Fazal does not address these institutional fights directly in the Variety interview. But the structural pressure they represent — fewer mid-budget films, longer gaps between roles for working actors, a heavier reliance on streaming commissions — is the background against which his bifurcated career makes sense. An actor with a streaming flagship has leverage. An actor with only a streaming flagship has a single customer. Raakh is, among other things, an attempt to keep the second condition from applying.

What the sources do not tell us

The Variety profile is a single-conversation source. It does not name a director for Raakh beyond Fazal’s own producing credit, does not confirm a release window for Mirzapur: The Movie, and does not specify budget or distributor for either project. It does not address the institutional state of the Hindi industry in any structured way — that frame has been reconstructed here from the public record, not from the interview itself. A reader who wants the release date for the Mirzapur feature, or the festival where Raakh will premiere, will have to wait for a separate announcement.

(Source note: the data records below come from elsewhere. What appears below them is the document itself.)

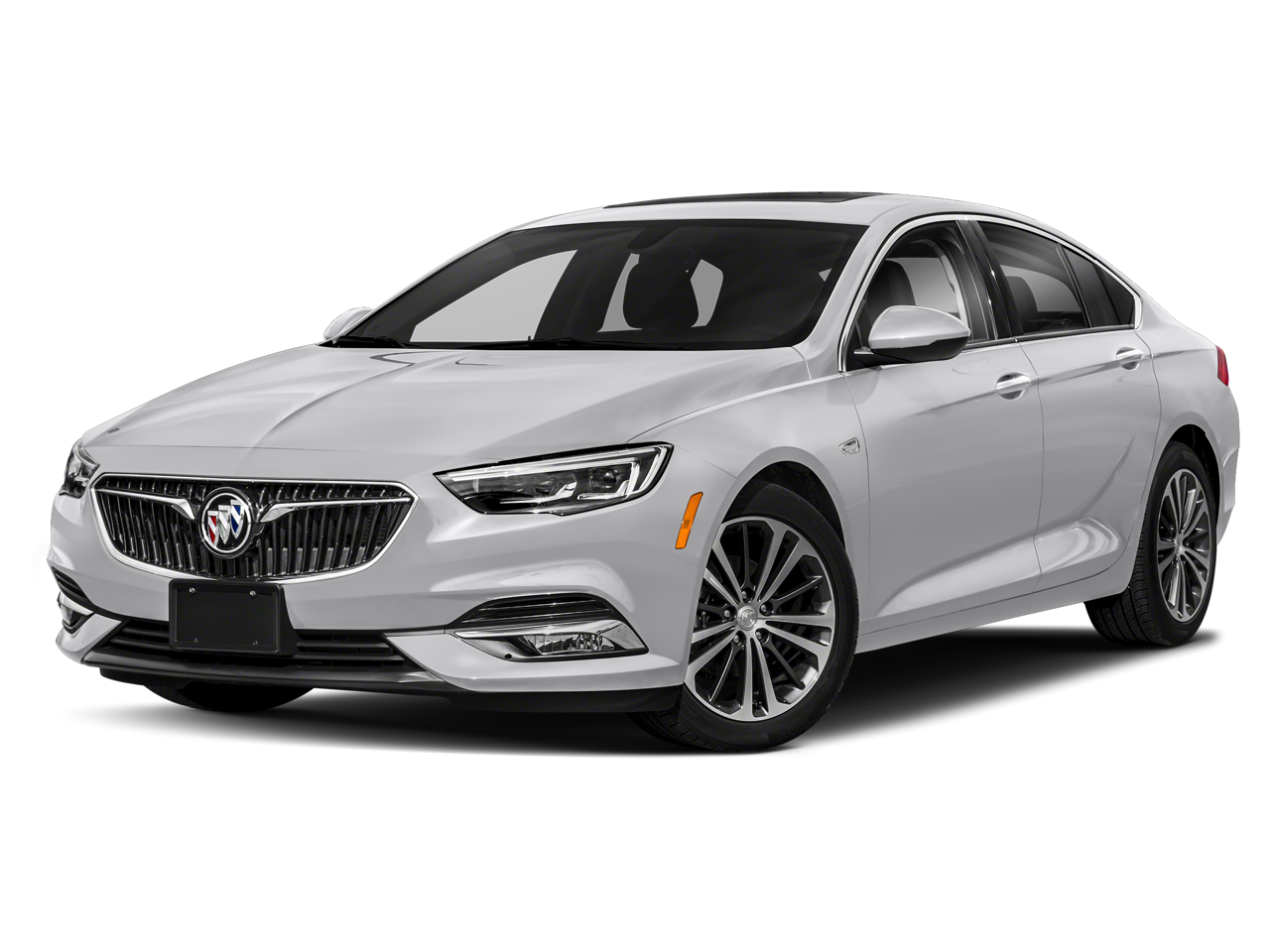 2019 Buick Regal Sportback Essence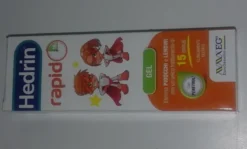 Hedrin Rapido Liquido Gel antipidocchi, 100ml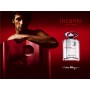 Salvatore Ferragamo Incanto Pour Homme EDT 100ml мъжки парфюм без опаковка - 2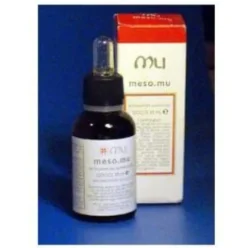 Meso Mu Complemento Alimentare Drenante e Riattivante 30 ml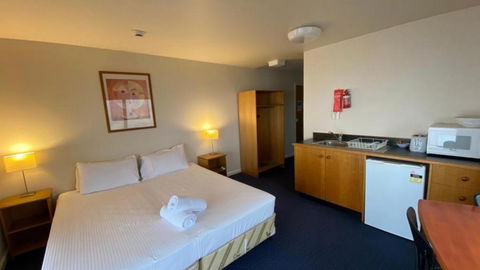 Alpine Heights 14 - Accommodation in Brisbane 1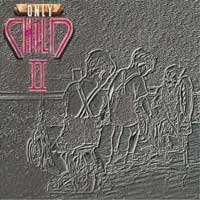 Only Child II Album Cover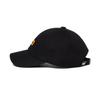 KODAK Signature Fit Color Plus Ball Cap Black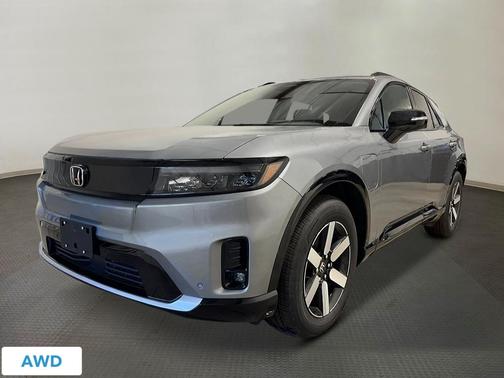2025 Honda Prologue TOURING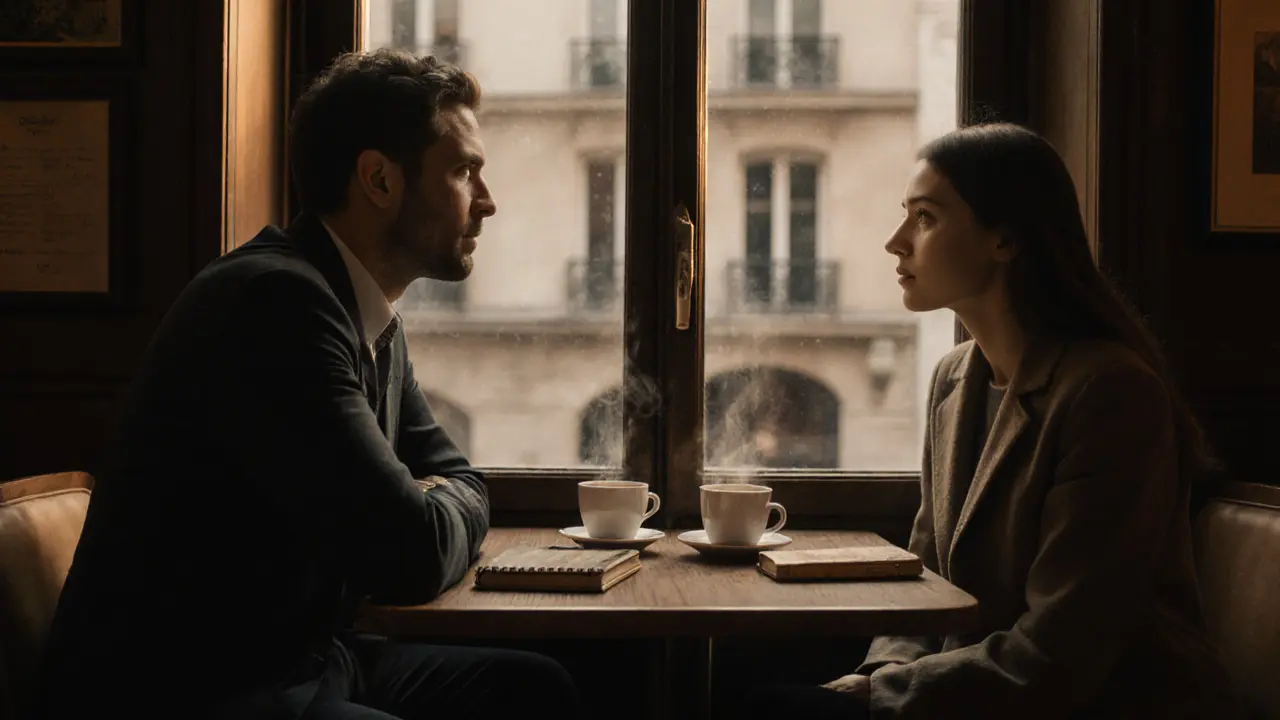 The Science of Seduction: How to Win Over an Escort in Paris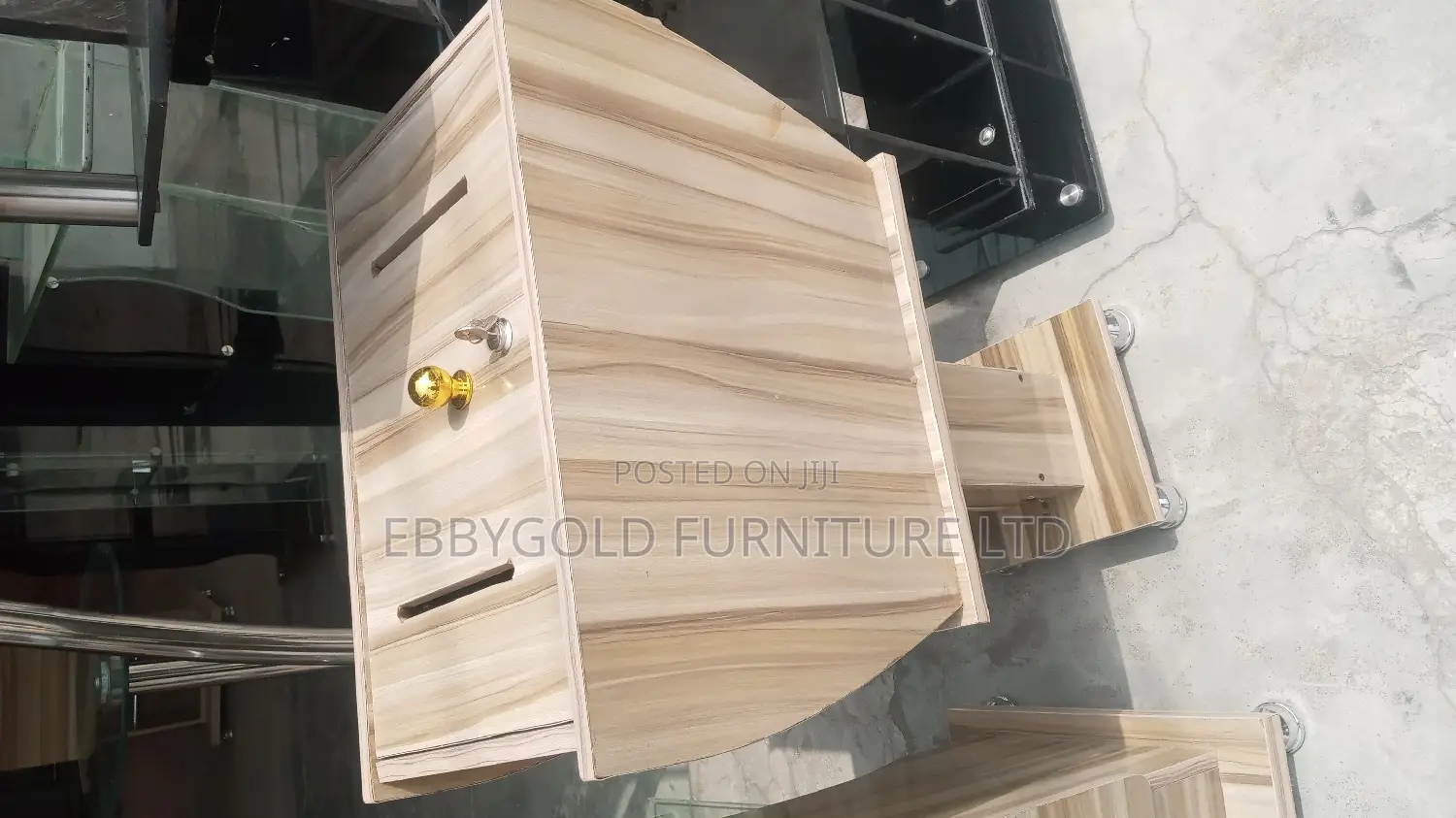 Offering Box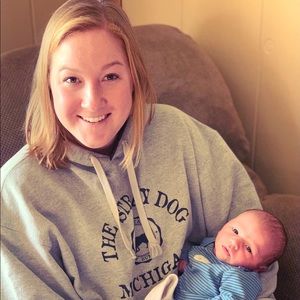Meet your Posher, Haley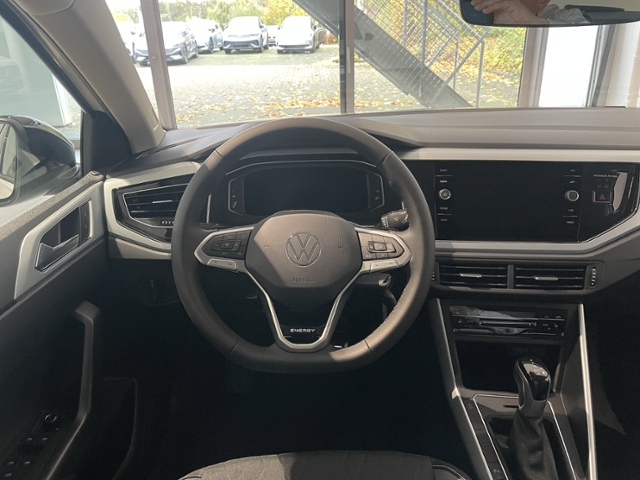 Taigo ENERGY 1,0 l TSI OPF (116 PS) 7-Gang-DSG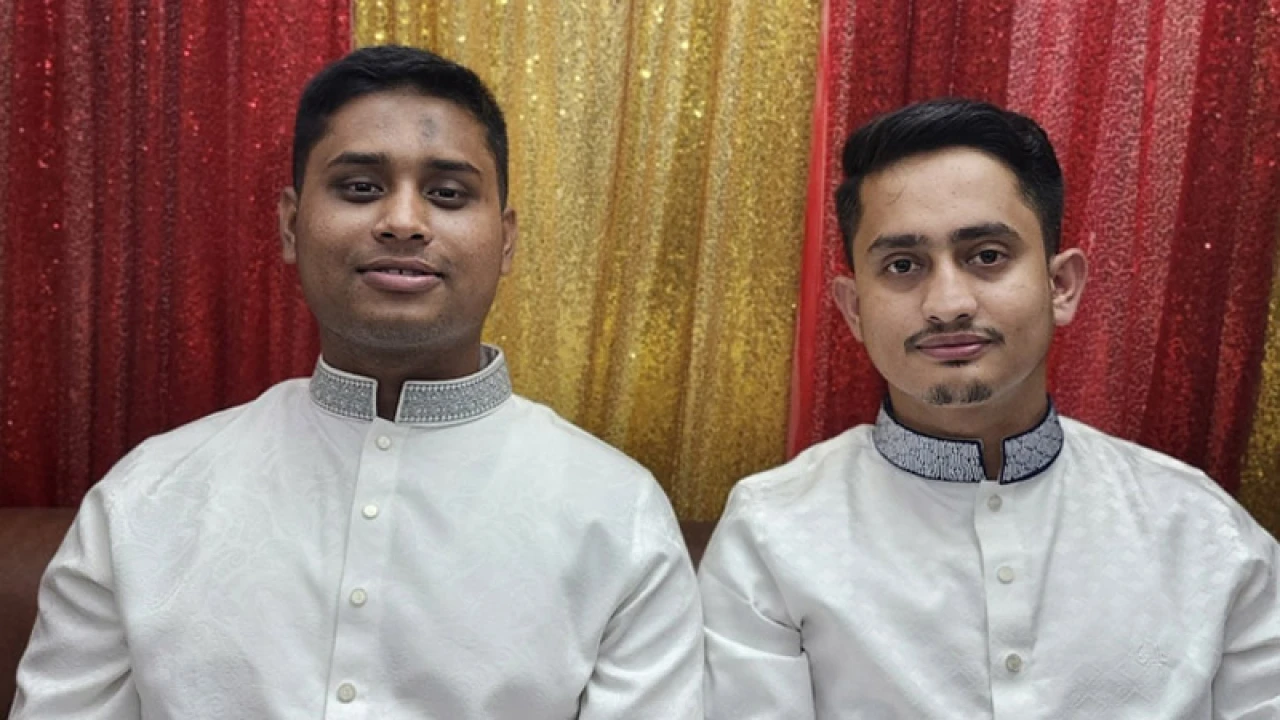 প্রকাশ্যে ক্ষমা চাইতে সারজিস-হাসনাতকে আল্টিমেটাম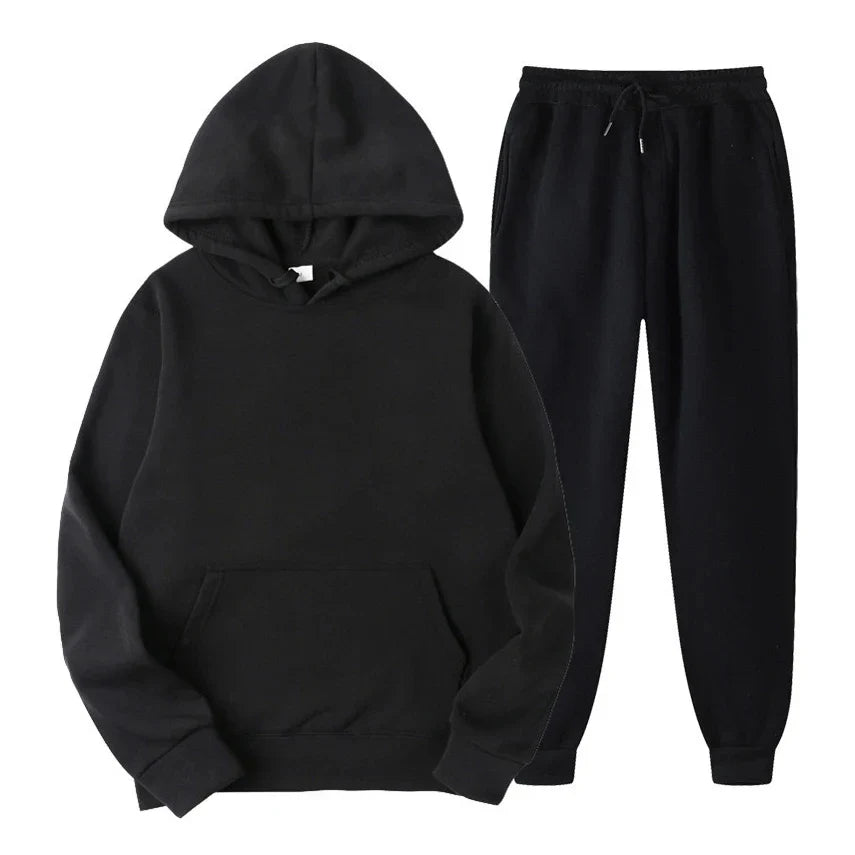 Black / 3XL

It is also worth flagging what the profile does not contest. Fazal’s framing of his own career is sympathetic and selective, as all actor-on-press-tour framings are. The Variety interview treats his choices as the steady execution of a long plan. The public record is messier: there are gaps between projects, roles that did not travel, films that were re-cut around him. None of this undermines the Variety profile; it just sets its limit. An actor who has managed to stay in the conversation for fifteen years has done something right, and a serious profile will say so. It will also, quietly, leave room for the moments that didn’t work.

The structural frame, then, is simple. Indian screen celebrity is being reorganised around streaming franchises, and the actors most able to surf that change are the ones who also keep a foothold in the older, slower, smaller economy of regional-language indie film. Fazal’s pitch is that he is one of them. The Variety conversation is the latest piece of evidence he is offering. Whether Raakh lands and whether Mirzapur: The Movie justifies its scale will be the next.

Desk note: this piece is built from a single Variety interview published 6 July 2026; the institutional context around the Hindi film industry draws on widely reported 2025 industry developments rather than the interview itself, and is flagged as such.